The Broncos’ offense didn’t have any problems executing against the Wolf Pack after Jefferson’s touchdown. It took them exactly 16 seconds including the kickoff to up their lead back to 17 at 24-7.

Shane Williams-Rhodes returned the Pack kickoff 41 yards to the Boise 48-yard line and on the very first play on the drive Southwick connected with a wide open Matt Miller for a stunning 52-yard touchdown.

“That was just a lack of communication again,” Williams said. “I take full responsibility for it. It was blown coverage. But we still had our chance to win the game.”

Jefferson ran eight yards untouched into the end zone thanks to blocks from Sudfeld and Chris Barker to cut the Boise lead to 24-14 with 8:26 to play in the fourth quarter. The Pack back also went for 28 yards on a third down run from the Boise 36 to set up his own touchdown.

Jefferson’s two scores gave him the Wolf Pack single-season records for total touchdowns in a year with 23 (Vai Taua had 22 in 2010) as well as rushing touchdowns with 22 (Colin Kaepernick had 20 in 2010).

The Pack was somehow right back in the game.

“We obviously thought we had a chance,” Fajardo said. “We all believed.”

Frisina kicked a 31-yard field goal as Boise took a 27-14 lead with 3:25 to go. The Pack defense, though, kept the game in reach by keeping the Broncos out of the end zone.

“The whole time we felt like we were in the game,” said Pack linebacker Albert Rosette, who had 15 tackles and made a key third down stop on the Boise field goal drive. “We just felt like we just needed one big play all game long to swing the momentum but we never got it.”

The Wolf Pack pulled to within 27-21 on a 6-yard touchdown run by Fajardo with 2:27 to play. It took the Pack just 52 seconds to travel the 74 yards on the drive thanks to a 47-yard catch down the middle by Sudfeld, who pulled the ball in after it was tipped by Boise’s Tommy Smith.

The Pack then tried an on-sides kick but the ball was caught and secured by Boise running back D.J. Harper despite a hard tackle by the Pack’s Nick Hale. Boise took over the ball on the Nevada 46 and eventually punted it away with 17 seconds to play. The Pack’s final drive, which began at their own 20-yard line, lasted just four plays and ended at the Wolf Pack 42-yard line.

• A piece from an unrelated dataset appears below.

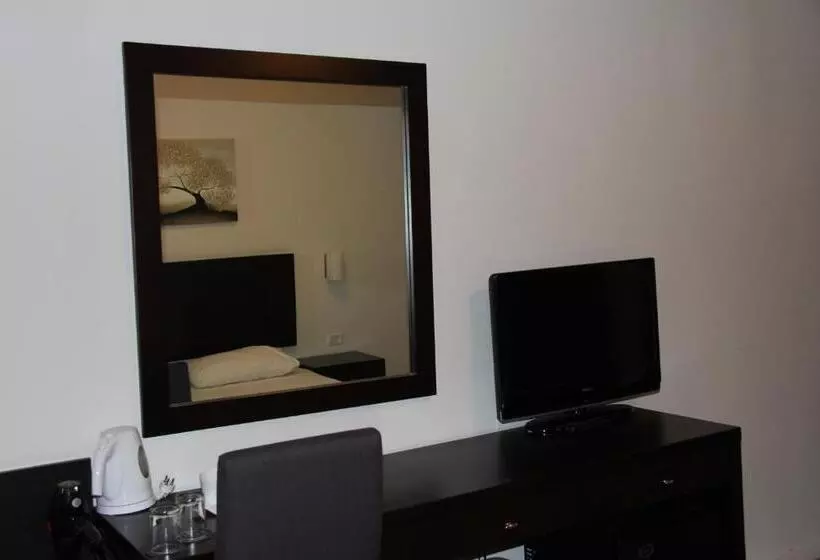 Quarto Estandar, Restal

“It was a tough loss,” Fajardo said. “But we didn’t give up. The offense just started clicking a little too late.”

The Wolf Pack finished with more first downs (23-22) than Boise and just four fewer yards (434-430). Boise, though, owned a five-minute advantage (32:44 – 27:16) in time of possession. The Broncos also were 9-of-15 on third down.

“Defensively we just couldn’t get off the field,” said Ault, who is now 7-18 in his career against Boise State as the Pack head coach. “Third and 10, third and nine, third and seven, we just couldn’t get off the field. And with a team like that, that just wants to control the ball, it cost us. It cost us offensive possessions. There were just too many crucial third down plays when we couldn’t stop them.”

“A lot of it was poor tackling,” said Rosette, who leads the Mountain West with 128 tackles. “We had guys wrapped up but they would get out of it and get the first down.”

The Wolf Pack might have to live with the loss to Boise for a while. Boise, which owns a commanding 26-13 edge in the rivalry, is supposed to leave the Mountain West after this season for the Big East Conference.

“There are a lot of good football rivalries,” Petersen said. “And with Nevada you always know you are going to get a good hard-fought game out of it. I think everyone enjoys playing this game.”

One team enjoyed it a bit more on Saturday.

“It’s a signature game,” Ault said. “And you have to win it.”